The lack of rain connected to the 2012 to 2014 isn’t the only surprising thing. In fact, it’s completely unremarkable on its own. It’s the combination of lack of rain with extreme heat that is so alarming. Specialists explain that these extreme temperatures have caused a drought exacerbation that ended up in the driest soil conditions that California has faced since the 9th century.
Daniel Griffin and Kevin Anchukaitis, the authors of the study, inspected tree-ring samples they collected from blue-oak trees in California. According to the two authors, this particular tree species is sensitive to rainfall so that wet periods caused wider rings while dry spells resulted in pinched rings. After collecting data from over 278 blue oak trees, Griffin and Anchukaitis compared their results with the North American Drought Atlas records. These records include tree ring data collected from giant sequoias and California bristlecone trees, all of which are also sensitive to rainfall.
“When we factor in temperature, this drought really stands out as an extreme and unprecedented case for the past 1,200 years.”
The two scientists didn’t stop here: they also estimated the soil’s moisture levels by using the Palmer Drought Severity Index.
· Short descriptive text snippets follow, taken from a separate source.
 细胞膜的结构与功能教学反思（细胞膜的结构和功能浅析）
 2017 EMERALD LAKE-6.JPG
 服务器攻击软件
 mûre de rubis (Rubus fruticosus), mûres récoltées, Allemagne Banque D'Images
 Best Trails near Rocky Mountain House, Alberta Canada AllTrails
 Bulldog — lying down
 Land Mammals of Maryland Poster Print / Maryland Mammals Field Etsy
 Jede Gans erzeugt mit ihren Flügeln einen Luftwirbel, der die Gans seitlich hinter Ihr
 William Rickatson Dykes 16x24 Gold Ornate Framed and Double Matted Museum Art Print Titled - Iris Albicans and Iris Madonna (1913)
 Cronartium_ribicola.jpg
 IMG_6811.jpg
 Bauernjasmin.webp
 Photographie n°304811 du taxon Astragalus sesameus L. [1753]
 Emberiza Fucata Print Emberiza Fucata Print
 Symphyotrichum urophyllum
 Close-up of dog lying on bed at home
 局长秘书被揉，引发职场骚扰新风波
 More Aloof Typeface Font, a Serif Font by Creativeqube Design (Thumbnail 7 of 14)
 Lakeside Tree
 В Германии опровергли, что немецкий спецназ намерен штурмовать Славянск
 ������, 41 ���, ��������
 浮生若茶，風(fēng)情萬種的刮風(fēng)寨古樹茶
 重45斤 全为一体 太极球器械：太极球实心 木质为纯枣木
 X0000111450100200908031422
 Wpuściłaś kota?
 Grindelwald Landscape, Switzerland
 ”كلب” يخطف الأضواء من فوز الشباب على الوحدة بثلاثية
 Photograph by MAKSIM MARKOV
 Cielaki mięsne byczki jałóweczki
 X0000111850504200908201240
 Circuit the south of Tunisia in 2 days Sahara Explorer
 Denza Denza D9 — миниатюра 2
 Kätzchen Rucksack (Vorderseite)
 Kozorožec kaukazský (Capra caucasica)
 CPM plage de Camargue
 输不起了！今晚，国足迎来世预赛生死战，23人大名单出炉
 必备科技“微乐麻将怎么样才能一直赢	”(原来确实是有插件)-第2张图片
This index evaluates precipitation and evaporation levels and addresses soil moisture, essential to growing half the nation’s vegetables, worth approximately $10 billion).
Although there have been droughts that came with even less rainfall than the current one, the scientists came to the conclusion that, in terms of soil moisture, no drought that took place in the previous 1,200 years was worse. Anchukaitis said that both he and Griffin were surprised at their results. Neither of them had expected the situation to be so severe.
“California’s old blue oaks are as close to nature’s rain gauges as we get. They thrive in some of California’s driest environments.”
And although California has been soaking wet from rainfall this past week, more than 50 percent of the state is still in out-of-the-ordinary drought. To end it, both Northern and Central California require up to 21 inches of rain.